Perfect competition
Though some agricultural markets estimated the model of the perfectly competitive free market, in actuality there is no real example of such a market. Markets that do not have all seven features of the entirely free market are, therefore, correspondingly less moral.
In the capitalist sense of the word, justice is when the benefits and burdens of society are distributed such that a person receives the value of the contribution he or she makes to an enterprise. Perfectly competitive free markets embody this sense of justice, since the equilibrium point is the only point at which both the buyer and seller receive the just price for a product. Such markets also maximize the utility of buyers and sellers by leading them to use and distribute goods with maximum efficiency.
Efficiency comes about in perfectly competitive free markets in three main ways:
1. They encourage firms to minimize the resources they consume to produce a commodity and to use the most efficient technologies.
2. They motivate firms to invest resources in industries with a high consumer demand and move away from industries where demand is low.
3. They distribute commodities among buyers so that they receive the most satisfying commodities they can purchase, given what is available to them and the amount they have to spend.
First, in a perfectly competitive market buyers and sellers are free to enter or leave the market as they choose.

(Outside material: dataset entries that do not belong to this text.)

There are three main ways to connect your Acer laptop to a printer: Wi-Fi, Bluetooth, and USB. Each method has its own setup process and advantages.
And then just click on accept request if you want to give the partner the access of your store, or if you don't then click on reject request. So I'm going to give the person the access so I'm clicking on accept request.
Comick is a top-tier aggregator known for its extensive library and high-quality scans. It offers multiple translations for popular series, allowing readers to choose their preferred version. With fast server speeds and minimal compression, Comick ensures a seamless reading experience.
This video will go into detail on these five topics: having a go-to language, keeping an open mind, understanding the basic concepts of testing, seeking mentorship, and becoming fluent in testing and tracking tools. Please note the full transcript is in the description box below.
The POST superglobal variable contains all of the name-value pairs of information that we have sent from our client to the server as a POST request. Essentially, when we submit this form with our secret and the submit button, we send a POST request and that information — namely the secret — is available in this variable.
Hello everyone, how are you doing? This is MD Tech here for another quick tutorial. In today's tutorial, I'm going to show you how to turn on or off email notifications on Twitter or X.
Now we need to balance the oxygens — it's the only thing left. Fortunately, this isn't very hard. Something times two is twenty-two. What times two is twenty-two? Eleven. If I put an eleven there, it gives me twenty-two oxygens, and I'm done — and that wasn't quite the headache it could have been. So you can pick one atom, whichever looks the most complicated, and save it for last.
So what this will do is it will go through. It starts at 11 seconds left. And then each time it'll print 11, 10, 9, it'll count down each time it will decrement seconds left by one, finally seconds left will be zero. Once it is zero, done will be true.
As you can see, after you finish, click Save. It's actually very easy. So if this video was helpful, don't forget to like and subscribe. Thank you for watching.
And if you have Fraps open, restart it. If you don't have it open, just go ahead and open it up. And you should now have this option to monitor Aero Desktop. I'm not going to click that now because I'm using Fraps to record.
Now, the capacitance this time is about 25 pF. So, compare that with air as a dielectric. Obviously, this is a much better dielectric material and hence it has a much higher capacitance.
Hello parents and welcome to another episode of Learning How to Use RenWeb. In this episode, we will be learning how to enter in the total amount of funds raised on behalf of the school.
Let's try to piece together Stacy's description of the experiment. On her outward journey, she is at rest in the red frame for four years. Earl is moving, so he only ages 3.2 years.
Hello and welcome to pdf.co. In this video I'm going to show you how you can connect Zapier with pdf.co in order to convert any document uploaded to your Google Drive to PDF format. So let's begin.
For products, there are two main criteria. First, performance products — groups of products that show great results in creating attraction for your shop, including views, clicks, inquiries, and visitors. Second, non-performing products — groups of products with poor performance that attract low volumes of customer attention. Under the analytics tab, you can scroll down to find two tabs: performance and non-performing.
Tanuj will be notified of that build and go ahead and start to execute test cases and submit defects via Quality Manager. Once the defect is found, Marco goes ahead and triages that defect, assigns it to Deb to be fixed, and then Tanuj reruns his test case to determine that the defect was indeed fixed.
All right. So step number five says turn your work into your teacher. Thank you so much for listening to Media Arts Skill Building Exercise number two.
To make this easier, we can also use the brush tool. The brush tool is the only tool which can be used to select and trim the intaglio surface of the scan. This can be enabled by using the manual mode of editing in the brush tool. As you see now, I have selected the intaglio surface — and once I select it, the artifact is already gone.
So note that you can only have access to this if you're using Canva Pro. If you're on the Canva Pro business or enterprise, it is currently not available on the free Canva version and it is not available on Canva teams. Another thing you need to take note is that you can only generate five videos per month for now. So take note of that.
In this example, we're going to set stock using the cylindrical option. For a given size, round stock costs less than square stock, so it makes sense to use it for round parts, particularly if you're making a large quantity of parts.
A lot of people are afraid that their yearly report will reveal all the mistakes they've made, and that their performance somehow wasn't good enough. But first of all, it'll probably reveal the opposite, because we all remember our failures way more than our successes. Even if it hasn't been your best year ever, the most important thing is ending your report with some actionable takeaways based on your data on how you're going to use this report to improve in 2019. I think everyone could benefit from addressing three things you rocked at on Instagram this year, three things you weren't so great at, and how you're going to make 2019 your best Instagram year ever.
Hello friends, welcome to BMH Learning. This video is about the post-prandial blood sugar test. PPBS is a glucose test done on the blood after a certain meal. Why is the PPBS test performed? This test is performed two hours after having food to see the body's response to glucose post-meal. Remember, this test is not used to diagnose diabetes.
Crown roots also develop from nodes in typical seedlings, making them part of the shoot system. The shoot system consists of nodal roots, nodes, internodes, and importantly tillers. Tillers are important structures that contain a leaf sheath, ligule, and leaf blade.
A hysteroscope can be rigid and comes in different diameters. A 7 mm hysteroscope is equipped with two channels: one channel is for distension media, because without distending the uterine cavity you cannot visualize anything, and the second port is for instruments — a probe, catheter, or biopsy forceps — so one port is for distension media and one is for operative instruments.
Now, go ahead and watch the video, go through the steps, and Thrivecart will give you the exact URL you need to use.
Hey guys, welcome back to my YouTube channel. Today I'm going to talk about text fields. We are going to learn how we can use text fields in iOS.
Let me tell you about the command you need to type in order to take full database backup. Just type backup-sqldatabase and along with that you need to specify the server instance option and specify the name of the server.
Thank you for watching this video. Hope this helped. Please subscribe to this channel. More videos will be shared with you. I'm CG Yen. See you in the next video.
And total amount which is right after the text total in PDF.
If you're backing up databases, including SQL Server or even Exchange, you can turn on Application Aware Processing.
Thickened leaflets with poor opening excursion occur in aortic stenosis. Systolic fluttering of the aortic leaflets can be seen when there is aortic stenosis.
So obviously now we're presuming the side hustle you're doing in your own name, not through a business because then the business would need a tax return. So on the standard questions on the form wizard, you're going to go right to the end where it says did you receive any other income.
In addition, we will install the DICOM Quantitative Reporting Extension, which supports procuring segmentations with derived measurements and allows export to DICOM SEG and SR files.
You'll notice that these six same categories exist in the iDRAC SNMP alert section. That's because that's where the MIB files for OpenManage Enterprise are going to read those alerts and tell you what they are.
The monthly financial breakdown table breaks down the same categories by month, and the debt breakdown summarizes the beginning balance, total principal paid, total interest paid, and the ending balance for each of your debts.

That is, individuals are neither forced into nor prevented from engaging in a certain business, provided they have the expertise and the financial resources required.
Second, in the perfectly competitive free market, all exchanges are fully voluntary. That is, participants are not forced to buy or sell anything other than what they freely and knowingly consent to buy or sell. Third, no single seller or buyer will so dominate the market that he is able to force the others to accept his terms or go without. In this market, industrial power is decentralized among numerous firms so that prices and quantities are not dependent on the whim of one or a few businesses. In short, perfectly competitive free markets embody the negative right of freedom from coercion. Thus, they are perfectly moral in three important respects:
(a) Each continuously establishes a capitalist form of justice
(b) Together they maximize utility in the form of market efficiency
(c) Each respects certain important negative rights of buyers and sellers.
No single seller or buyer can dominate the market and force others to accept his terms. Thus, freedom of opportunity, consent, and freedom from coercion are all preserved under this system.
However, several cautions are in order when interpreting these moral features of perfectly competitive free markets. First, perfectly competitive free markets do not set up other forms of justice. Because they do not react to the needs of those outside the market or those who have little to exchange, for instance, they cannot establish a justice based on needs. Second, competitive markets maximize the utility of those who can contribute in the market given the constraints of each participant's budget. However, this does not mean that society's total utility is necessarily maximized. Third, although free competitive markets set up certain negative rights for those within the market, they may actually lessen the positive rights of those outside those whose participation is minimal. Fourth, free competitive markets ignore and even conflict with the demands of caring. As we have seen, an ethic of care implies that people exist in a web of inter-reliant relationships and should care for those who are closely related to them. A free market system, however, operates as if individuals are completely independent of each other and takes no report of the human relationships that may exist among them. Fifth, free competitive markets may have a destructive effect on people's moral character. The competitive pressures that are present in perfectly competitive markets can lead people to attend constantly to economic competence. Producers are constantly pressured to reduce their costs and increase their profit margins. Finally, and most significant, we should note that the three values of capitalist justice, utility, and negative rights are produced by free markets only if they embody the seven circumstances that define perfect competition. If one or more of these conditions are not present in a given real market, then the assert can no longer be made that these three values are present.